##### Data for the task #####

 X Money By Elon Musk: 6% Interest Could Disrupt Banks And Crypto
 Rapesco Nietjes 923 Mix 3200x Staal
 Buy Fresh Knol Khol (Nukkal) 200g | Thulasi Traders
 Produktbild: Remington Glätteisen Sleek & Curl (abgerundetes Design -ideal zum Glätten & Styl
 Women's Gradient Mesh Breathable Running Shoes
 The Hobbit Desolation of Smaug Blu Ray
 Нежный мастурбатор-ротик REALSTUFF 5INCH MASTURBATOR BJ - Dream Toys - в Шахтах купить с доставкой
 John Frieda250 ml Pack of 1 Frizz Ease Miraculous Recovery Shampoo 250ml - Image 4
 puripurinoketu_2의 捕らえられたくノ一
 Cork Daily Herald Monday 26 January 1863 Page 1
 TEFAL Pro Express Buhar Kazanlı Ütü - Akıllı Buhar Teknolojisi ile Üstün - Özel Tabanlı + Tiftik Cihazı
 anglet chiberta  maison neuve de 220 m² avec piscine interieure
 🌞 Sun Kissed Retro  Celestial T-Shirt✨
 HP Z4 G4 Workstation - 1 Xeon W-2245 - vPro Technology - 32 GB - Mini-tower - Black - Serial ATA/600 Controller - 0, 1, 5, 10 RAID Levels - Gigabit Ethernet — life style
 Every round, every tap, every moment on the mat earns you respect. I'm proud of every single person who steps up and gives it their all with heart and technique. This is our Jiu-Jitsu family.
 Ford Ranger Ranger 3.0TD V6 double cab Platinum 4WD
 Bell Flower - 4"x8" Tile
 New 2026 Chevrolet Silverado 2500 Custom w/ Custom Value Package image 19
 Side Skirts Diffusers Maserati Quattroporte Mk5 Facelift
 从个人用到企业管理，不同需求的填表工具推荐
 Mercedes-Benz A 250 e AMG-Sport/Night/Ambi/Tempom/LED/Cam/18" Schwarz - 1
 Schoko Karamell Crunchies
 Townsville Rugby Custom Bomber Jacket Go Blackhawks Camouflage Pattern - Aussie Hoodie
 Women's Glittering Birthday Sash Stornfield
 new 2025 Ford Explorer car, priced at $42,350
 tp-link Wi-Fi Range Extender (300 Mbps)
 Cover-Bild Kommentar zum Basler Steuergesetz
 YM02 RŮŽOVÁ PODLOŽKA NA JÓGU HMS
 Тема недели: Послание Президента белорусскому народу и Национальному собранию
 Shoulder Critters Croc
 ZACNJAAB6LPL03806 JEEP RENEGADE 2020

#####

How to complete this task:
Reproduce the material while keeping each line exactly as it was written.

Completed task:
 X Money By Elon Musk: 6% Interest Could Disrupt Banks And Crypto
 Rapesco Nietjes 923 Mix 3200x Staal
 Buy Fresh Knol Khol (Nukkal) 200g | Thulasi Traders
 Produktbild: Remington Glätteisen Sleek & Curl (abgerundetes Design -ideal zum Glätten & Styl
 Women's Gradient Mesh Breathable Running Shoes
 The Hobbit Desolation of Smaug Blu Ray
 Нежный мастурбатор-ротик REALSTUFF 5INCH MASTURBATOR BJ - Dream Toys - в Шахтах купить с доставкой
 John Frieda250 ml Pack of 1 Frizz Ease Miraculous Recovery Shampoo 250ml - Image 4
 puripurinoketu_2의 捕らえられたくノ一
 Cork Daily Herald Monday 26 January 1863 Page 1
 TEFAL Pro Express Buhar Kazanlı Ütü - Akıllı Buhar Teknolojisi ile Üstün - Özel Tabanlı + Tiftik Cihazı
 anglet chiberta  maison neuve de 220 m² avec piscine interieure
 🌞 Sun Kissed Retro  Celestial T-Shirt✨
 HP Z4 G4 Workstation - 1 Xeon W-2245 - vPro Technology - 32 GB - Mini-tower - Black - Serial ATA/600 Controller - 0, 1, 5, 10 RAID Levels - Gigabit Ethernet — life style
 Every round, every tap, every moment on the mat earns you respect. I'm proud of every single person who steps up and gives it their all with heart and technique. This is our Jiu-Jitsu family.
 Ford Ranger Ranger 3.0TD V6 double cab Platinum 4WD
 Bell Flower - 4"x8" Tile
 New 2026 Chevrolet Silverado 2500 Custom w/ Custom Value Package image 19
 Side Skirts Diffusers Maserati Quattroporte Mk5 Facelift
 从个人用到企业管理，不同需求的填表工具推荐
 Mercedes-Benz A 250 e AMG-Sport/Night/Ambi/Tempom/LED/Cam/18" Schwarz - 1
 Schoko Karamell Crunchies
 Townsville Rugby Custom Bomber Jacket Go Blackhawks Camouflage Pattern - Aussie Hoodie
 Women's Glittering Birthday Sash Stornfield
 new 2025 Ford Explorer car, priced at $42,350
 tp-link Wi-Fi Range Extender (300 Mbps)
 Cover-Bild Kommentar zum Basler Steuergesetz
 YM02 RŮŽOVÁ PODLOŽKA NA JÓGU HMS
 Тема недели: Послание Президента белорусскому народу и Национальному собранию
 Shoulder Critters Croc
 ZACNJAAB6LPL03806 JEEP RENEGADE 2020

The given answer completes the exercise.